A história, as recordações e o serviço atencioso trouxeram um carisma especial ao Selva do Lena mas a longevidade deste clássico deve-se, mais do que tudo, à gastronomia. Há 35 anos que dá a provar o melhor da cozinha tradicional portuguesa, sempre em doses generosas. Há algum tempo que a D. Henriqueta delegou a confeção dos pratos à cozinheira Fernanda Rato (encarrega-se agora da coordenação da cozinha e do atendimento aos clientes) mas aquele gostinho a “comida da avó”, cada vez mais difícil de encontrar, manteve-se um dos trunfos da casa.

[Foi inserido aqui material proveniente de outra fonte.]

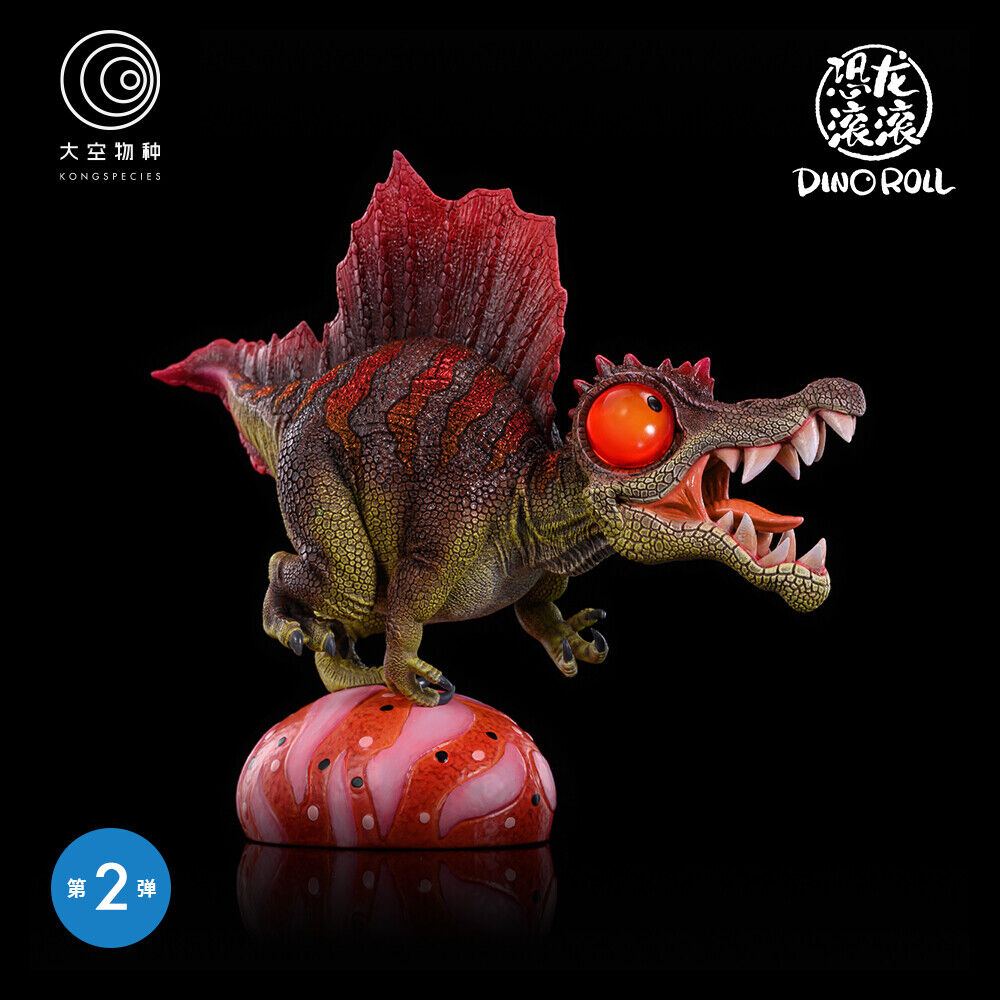 Dino Roll 02 Series Dinosaur Model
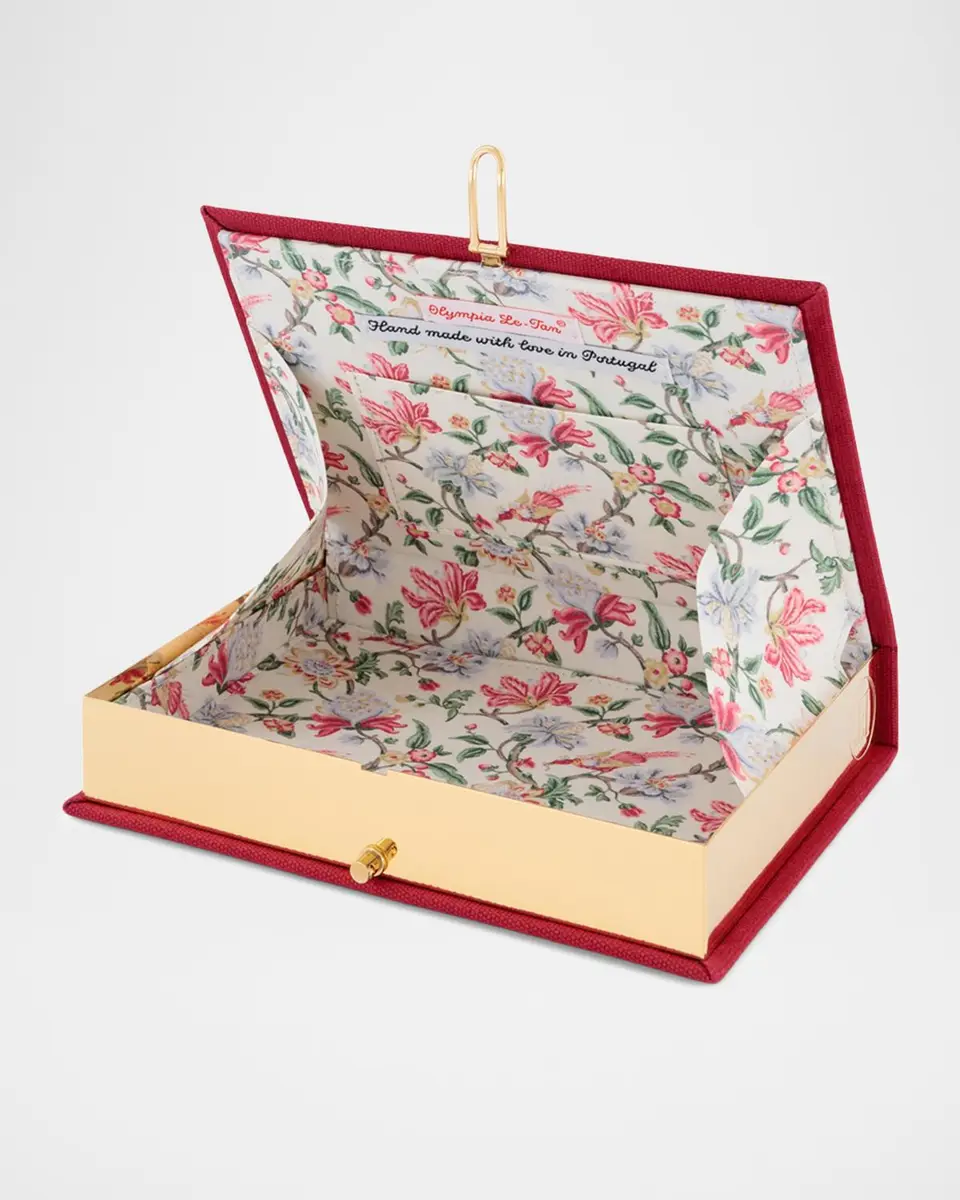 Olympia Le-Tan Paris Style Week Book Clutch Bag | Thumbnail 2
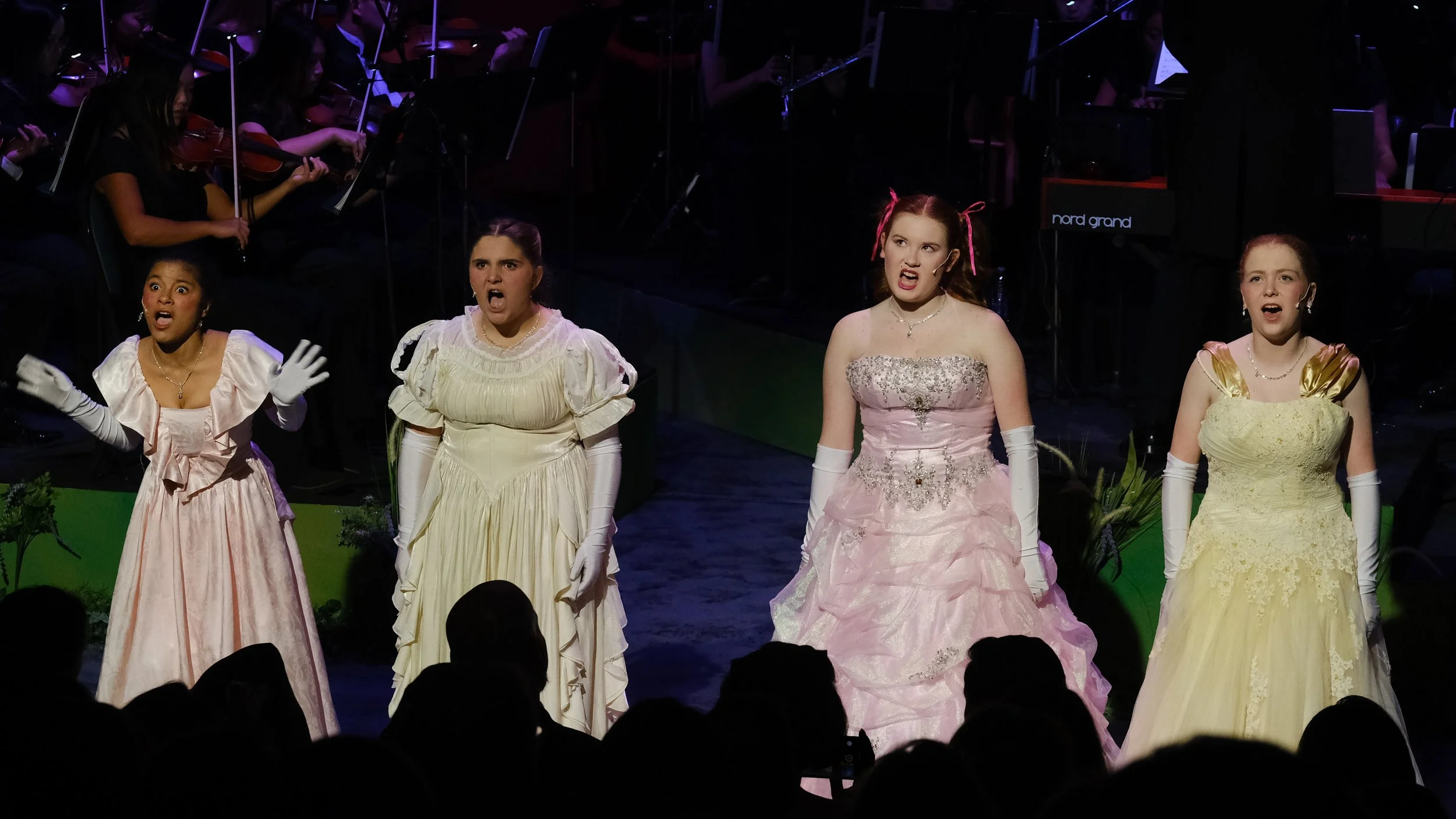 Cinderella in Concert production image photographed by Steve Wylie Photography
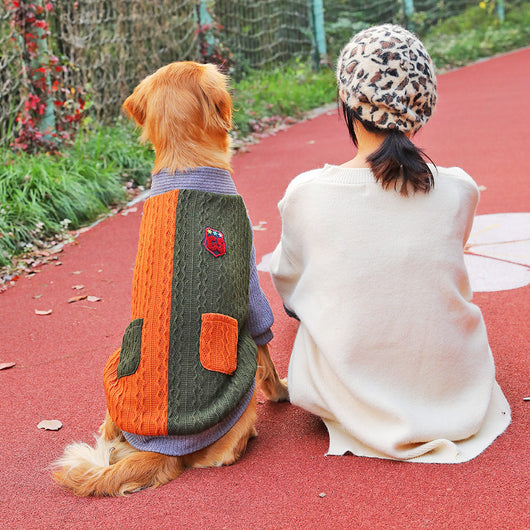 Suéter Térmico para Perros Grandes - Abrigo Invernal Grueso - Image 3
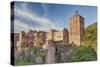 Castle, Heidelberg, Baden-Wurttemberg, Germany, Europe-Markus Lange-Stretched Canvas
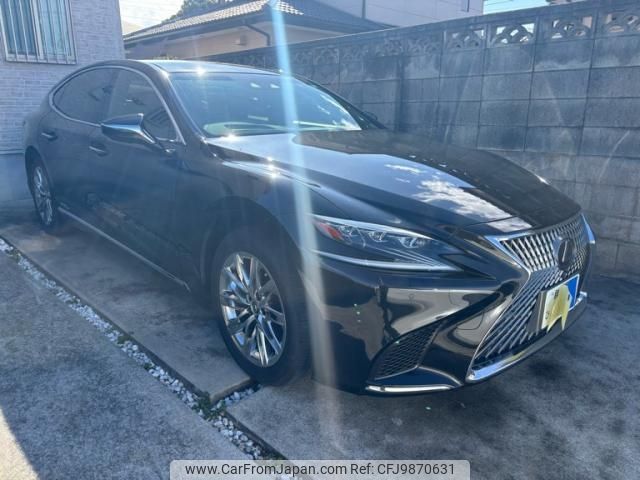 lexus ls 2018 -LEXUS--Lexus LS DAA-GVF50--GVF50-6001844---LEXUS--Lexus LS DAA-GVF50--GVF50-6001844- image 2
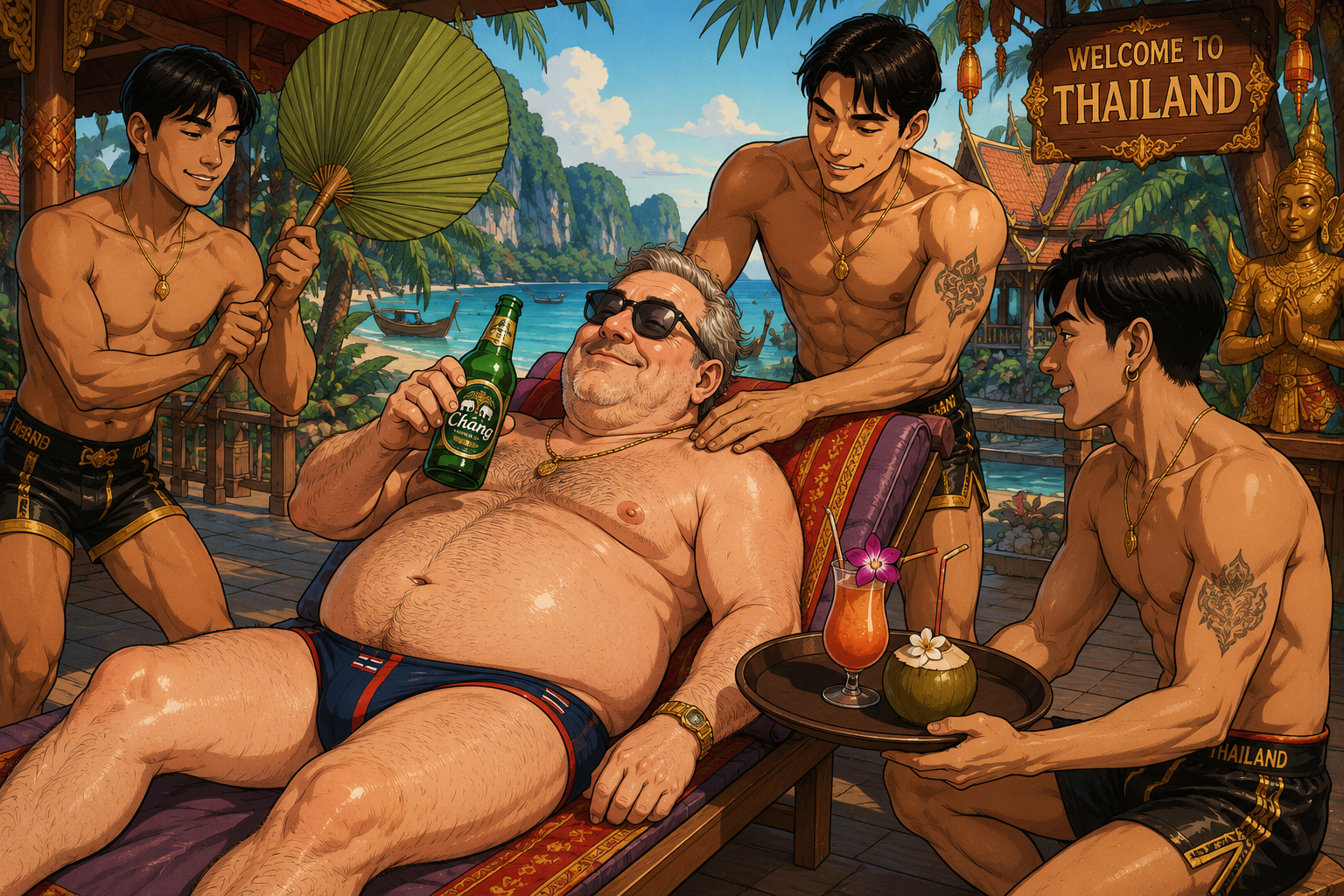 Gay Race Play: Hvorfor fylder asiatiske mænd så meget i BDSM-fantasier? Historien bag stereotyperne, begæret og magtdynamikkerne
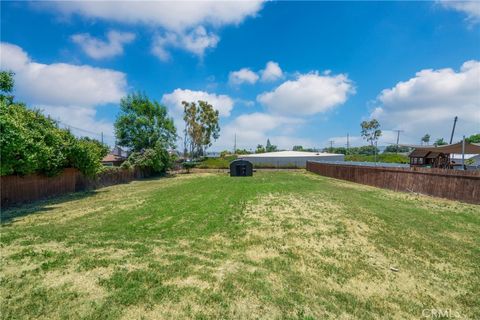 A home in La Habra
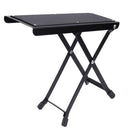 Anti-Slip Guitar Foot Rest Stool Guitar Pedal 4 Adjustable Height Levels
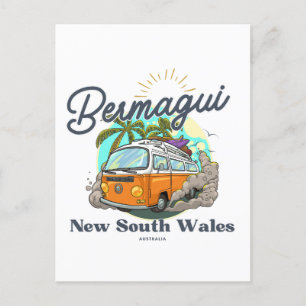 Bermagui New South Wales NSW Postcard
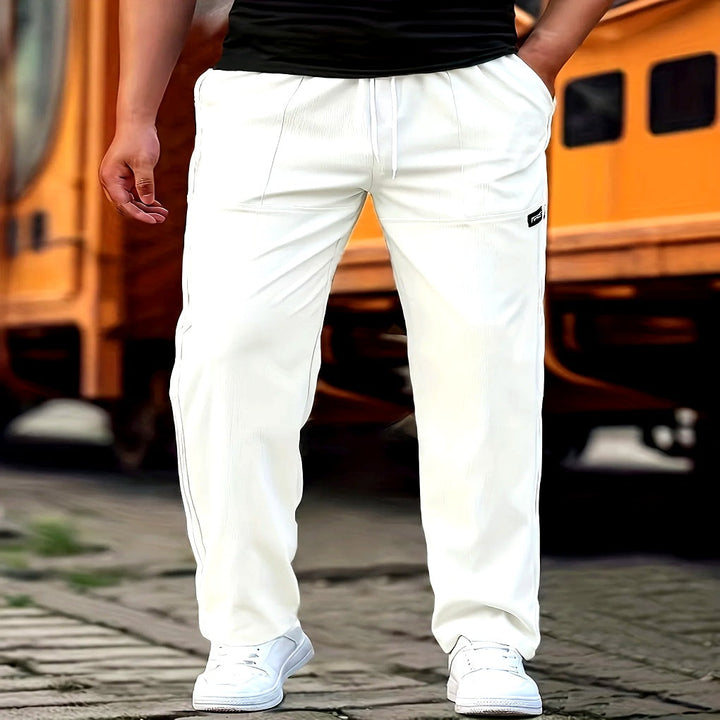 Pantaloni Uomo Tutti i Giorni – Stile Rifinito con Versatilità Casual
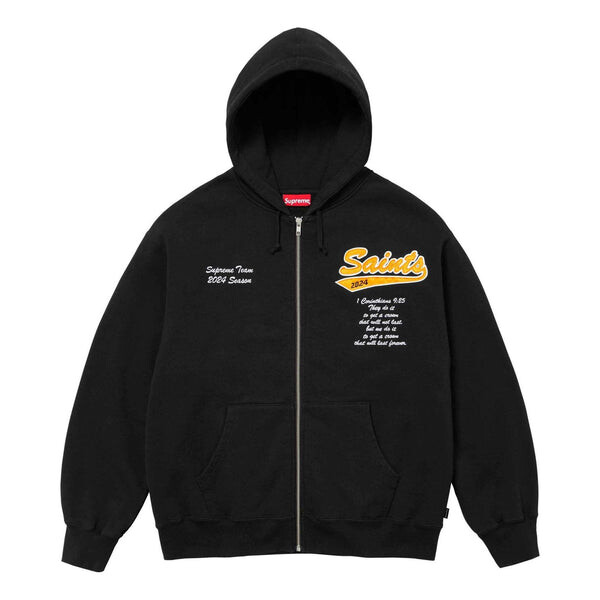 Куртка salvation zip up hooded sweatshirt 'black white yellow' Supreme, черный
Куртка salvation zip up hooded sweatshirt 'black white yellow' Supreme, черный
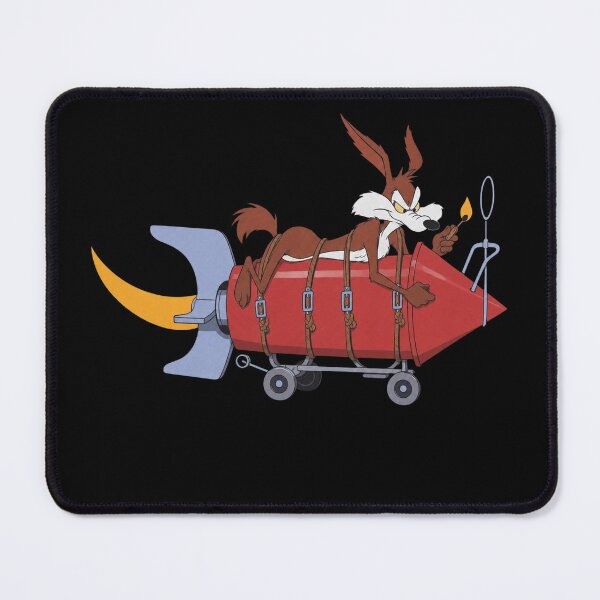 Item preview, Wile E Coyote Rocket designed and sold by EusebiaParro.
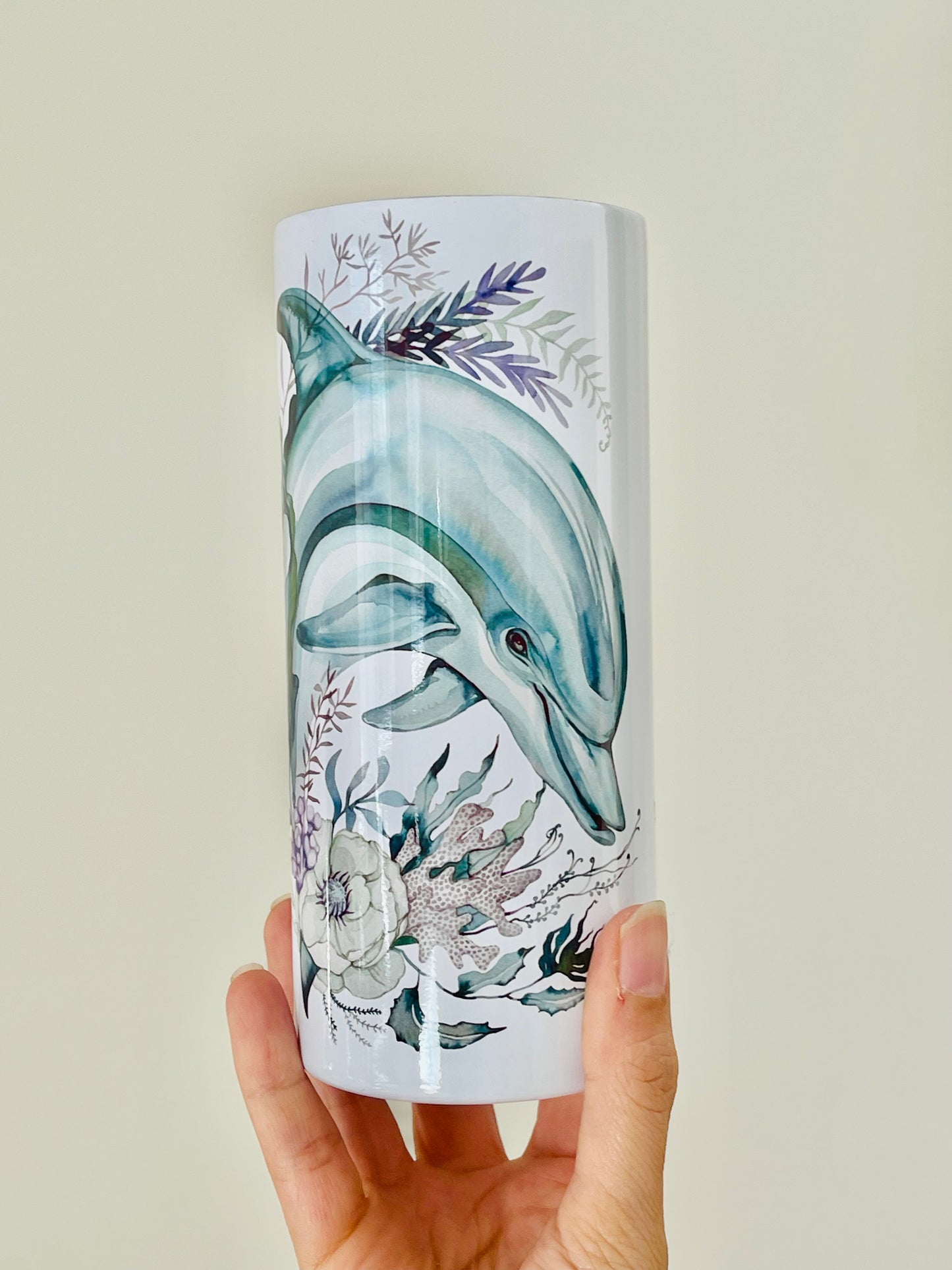 Mandart Stainless Steel Skinny Tumblers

Isso comprova-se logo nas entradas, como as pataniscas de bacalhau ou a salada de polvo, e acentua-se nos pratos principais. Entre as carnes, destacam-se por exemplo, o cabrito à Selva, o bife à casa, o arroz de pato e o arroz de cabidela, enquanto nos peixes vale a pena provar a massa de robalo ou o linguado frito com arroz de grelos. Os adeptos dos grelhados no carvão também vão gostar de saber que há uma grande variedade de peixe fresco (diário), orgulhosamente exibido numa montra junto à cozinha.

Muitas das sobremesas ainda têm a mão da D. Henriqueta, caso do bolo de bolacha com recheio de noz ou da mousse de chocolate caseira, mas também há outras confecionadas por pasteleiros locais, como acontece com as Brisas do Lis, doce regional à base de ovos, açúcar e amêndoa muito apreciado pelos mais gulosos. Quanto à carta de vinhos e espumantes, conta com cerca 50 referências exclusivamente portuguesas.

Os paladares nacionais são, de resto, um ponto de honra para este clássico da restauração leiriense, habitat natural para pratos em vias de extinção e outras tradições gastronómicas. Nesta selva pouco importa a cadeia alimentar. Aqui impera mesmo a lei do mais saboroso.